THICK="${CYN}$(printf '━%.0s' {1..72})${R}"
THIN="${DIM}$(printf '─%.0s' {1..72})${R}"
REFRESH=2
SLOW_EVERY=4

row()     { printf " ${BLU}%-10s${R} %b\n" "$1" "${*:2}"; }
dot_ok()  { printf "${GRN}●${R}"; }
dot_warn(){ printf "${YEL}●${R}"; }
dot_err() { printf "${RED}●${R}"; }
dot_dim() { printf "${DIM}●${R}"; }

pct_dot() {
  local p=$1 warn=${2:-70} err=${3:-90}
  if (( p >= err )); then dot_err
  elif (( p >= warn )); then dot_warn
  else dot_ok; fi
}

trap 'tput cnorm; printf "\n"; exit 0' INT TERM
[ -t 1 ] && tput civis

# Detect AMD/Intel GPU sysfs node
GPU_DEV=""
for _card in /sys/class/drm/card*/; do
  _vendor=$(cat "${_card}device/vendor" 2>/dev/null)
  [[ "$_vendor" == "0x1002" || "$_vendor" == "0x8086" ]] && \
    { GPU_DEV="${_card}device"; break; }
done

_cpustat() { awk '/^cpu /{print $2,$3,$4,$5,$6,$7,$8; exit}' /proc/stat; }
prev_cs=$(_cpustat); cpu_pct=0

# ── Slow refresh data (network, services) ─────────────────────────
WAN_IP="..."; F2B="0"; NPM_DOT="$(dot_dim)"; NPM_ST="?"
LOOPS=0

refresh_slow() {
  WAN_IP=$(curl -s --max-time 4 https://api.ipify.org 2>/dev/null || echo "unreachable")
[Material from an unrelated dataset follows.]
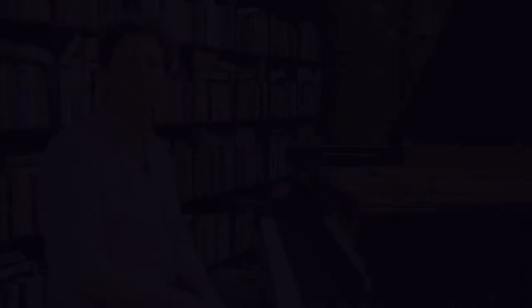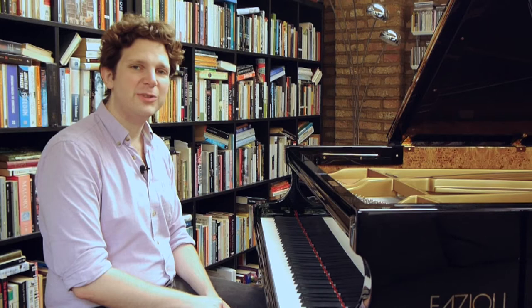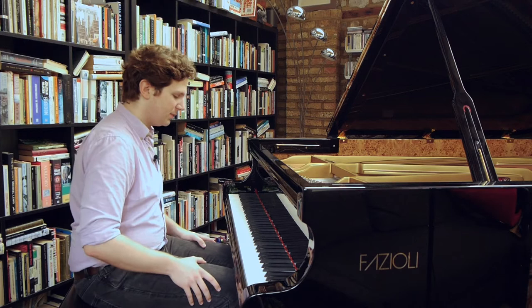I'm just going to demonstrate this now in the very famous Op. 10 No. 3 Chopin Etude. The central section, which is forte, is often played quite harshly — and of course we don't want that; we want a very rich full tone. Now I'm going to do the simple exercise: ankles, jaw, and breathe while playing.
  F2B=$(sudo fail2ban-client status sshd 2>/dev/null \
    | grep 'Currently banned' | grep -oE '[0-9]+' || echo "0")

  _npm=$(curl -s -o /dev/null -w "%{http_code}" --max-time 2 http://localhost:81 2>/dev/null)
  if [[ "${_npm:-000}" != "000" ]]; then
    NPM_DOT=$(dot_ok); NPM_ST="reachable"
  else
    NPM_DOT=$(dot_err); NPM_ST="down"
  fi

  _nc=$(curl -s -o /dev/null -w "%{http_code}" --max-time 2 https://localhost:9443 -k 2>/dev/null)
  if [[ "${_nc:-000}" != "000" ]]; then
    AIO_DOT=$(dot_ok); AIO_ST="reachable"
  else
    AIO_DOT=$(dot_err); AIO_ST="down"
  fi
}

refresh_slow

# ── Main loop ──────────────────────────────────────────────────────
while true; do
  (( LOOPS++ ))
  (( LOOPS % SLOW_EVERY == 0 )) && refresh_slow

  # CPU %
  curr_cs=$(_cpustat)
  read -r u1 n1 s1 i1 w1 q1 x1 <<< "$prev_cs"
  read -r u2 n2 s2 i2 w2 q2 x2 <<< "$curr_cs"
  total=$(( (u2-u1)+(n2-n1)+(s2-s1)+(i2-i1)+(w2-w1)+(q2-q1)+(x2-x1) ))
  idle=$(( i2-i1 ))
  (( total > 0 )) && cpu_pct=$(( 100 - 100*idle/total )) || cpu_pct=0
  prev_cs="$curr_cs"

  # RAM %
  read -r mem_total mem_avail < <(awk '/MemTotal/{t=$2} /MemAvailable/{a=$2} END{print t,a}' /proc/meminfo)
  mem_used=$(( mem_total - mem_avail ))
  mem_pct=$(( 100*mem_used/mem_total ))
  mem_used_gb=$(awk "BEGIN{printf \"%.1f\", ${mem_used}/1048576}")
  mem_total_gb=$(awk "BEGIN{printf \"%.1f\", ${mem_total}/1048576}")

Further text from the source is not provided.